Elis é um filme que começa tão
forte e meteórico quanto a carreira e o temperamento da protagonista, que, por
sinal, mesmo sabendo de seu estrelato e reinado, era humilde o suficiente ao
valorizar o fato de estar cantando no mesmo palco de Diana Ross ou Edith Piaf, mas jamais
cogitava a ideia de deixar a peteca cair. Ela subia lá, dava um show e mostrava
que não se intimidava; e somado a isso, diante de uma imprensa estrangeira, durante
uma apresentação em Cannes, chamava os militares de gorilas, sem o mínimo
temor. Após este momento, o filme passa a ter uma queda, ao tornar-se arrastado
e desinteressante, e num ato, foi esquisita a maneira tardia com que o comando federal
da época tirou satisfação sobre suas declarações na França. Mesmo assim, neste
meio tempo, a obra surpreende ao expor um caso extraconjugal dela com o crítico
musical Nelson Mota, sem criminaliza-la, visto que a obra também não esconde o
adultério de Bôscoli.
Sabendo superar algumas
fragilidades estruturais, o filme acertadamente constrói uma imagem de mocinha
guerreira de Elis Regina, conseguindo inclusive fazer com que o espectador
fique compreensivo diante de seus defeitos. Realmente ela não fugia da raia,
mas triscar em seu ponto fraco (seus filhos) poderia ser crucial para numa
mudança de postura. Dessa forma, Elis exibe uma inédita participação mais
intensa da cantora com o regime militar, que na classe artística não se
limitava a Chicos, Caetanos e Gilbertos. O diferente é que neste caso há o ponto de que outrora ela era uma crítica a forma de governo, mas aí passou a se apresentar
artísticamente para os militares – o que transformou-se em um verdadeiro
escândalo entre os cantores, que não admitiram tal atitude. Elis Regina se
defendia, alegando ameaças a seus filhos, enquanto a entrada do Henfil na trama
(citado em sua linda canção "O Bêbado e o Equilibrista"), mostra uma classe que
não se intimidou em lutar por uma revolução no país, mesmo diante de diversas
ameaças. A vida de Elis passa a ser de pura reflexão, e assim o desenrolar
desse contexto finca numa brilhante metáfora proposta pela produção do longa,
que remete ao pensamento de Dalton Trumbo no período do macarthismo, no qual
podemos utilizar para a classe artística brasileira durante a ditadura: “Não há
culpados, nem inocentes. Todos foram vítimas” – me refiro somente aos artistas,
é claro.
Sobre o elenco que deu vida a
esses personagens que, como diria Fausto Silva, são monstros sagrados da música
popular brasileira, diria que poucas vezes vi um time tão espetacular no cinema
nacional, como em Elis. O que foi a espontaneidade de Ícaro Silva como Jair Rodrigues?
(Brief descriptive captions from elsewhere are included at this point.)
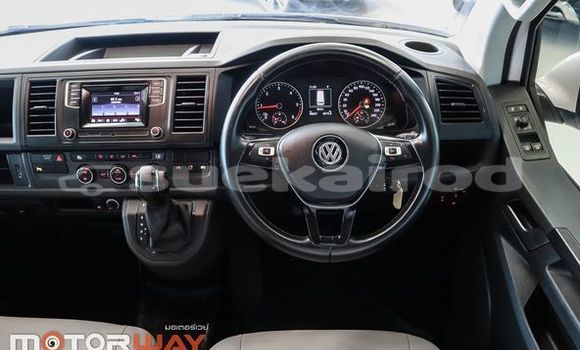 ซื้อ รถมือสอง Volkswagen Caravelle ขาว รถยนต์ ใน %{เมือง} ใน กรุงเทพมหานคร ซื้อ รถมือสอง Volkswagen Caravelle ขาว รถยนต์ ใน %{เมือง} ใน กรุงเทพมหานคร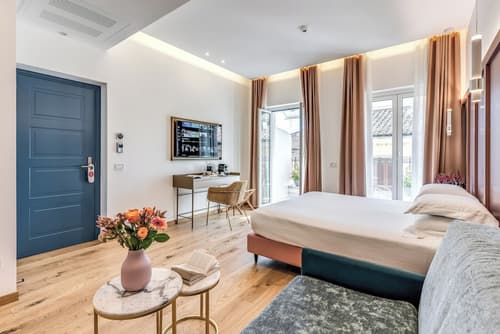 Relais Trevi 95 Boutique Hotel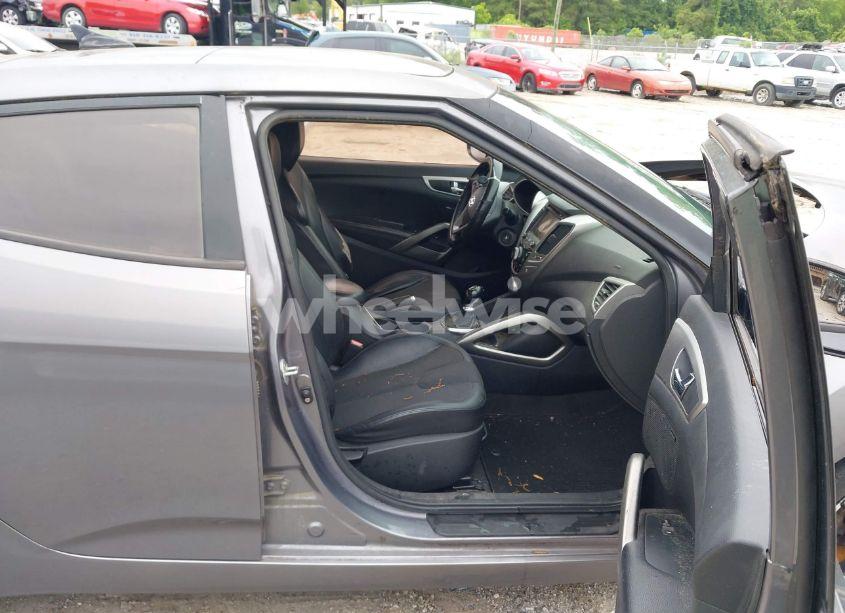 Photo 5 of 2012 Hyundai Veloster BASE W/BLACK/BASE W/GRAY/BASE W/RED/BLACK (VIN KMHTC6AD4CU073504)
A dureza de Gustavo Machado como Bôscoli? E a esplêndida dramaticidade de Zé
Carlos Machado como Romeu, o pai de Elis? Mesmo encontrando-se diversas performances
estrondosas, ninguém se esquiva de quão perfeita e maravilhosa está Andréia Horta,
no papel da protagonista. Como esse furacão ficou quieto durante anos em programas da Globo? Eficaz, segura, sem deixar passar despercebido nenhum
trejeito da cantora, ao ponto de assombrar (positivamente falando) qualquer um,
expondo com tamanha precisão o sorriso de Elis Regina. Só este fato já dá todos
os méritos a performance dela, porém fiquei na curiosidade sobre como seria sua
atuação, caso ela mesma cantasse. No filme, ela é dublada pela voz original da
cantora. Em contrapartida, seu dançar justifica os apelidos de “pimentinha” e “hélice
regina”.
Voltando ao desconforto que eu
tive ao ver “Como Nossos Pais” sendo interpretada no início, e não no fim, como
eu desejava, relato que os momentos derradeiros do filme são de uma melancolia
ao extremo, visto que não é segredo para ninguém que fim levou Elis Regina, e
como se deu tal fato. Diante disso, tenho que dizer que não encerrar o filme
com a canção supracitada foi uma jogada de mestre do diretor Hugo Prata, que
abriu mão disso para não aumentar o caráter emocional contido naquele desfecho.
Colocar a alegre canção “Velha Roupa Colorida” durante os créditos finais,
serviu para mostrar que apesar de sua trágica despedida, Elis Regina teve uma
vida que foi uma verdadeira festa de tão vitoriosa. O filme, que é dos pilares
deste grande ano para o cinema nacional, além de homenagem, é uma lição de
ideologias, determinações e personalidades que conseguem enaltecer um ser
humano, por mais turbulento que seja o período em que ele vive.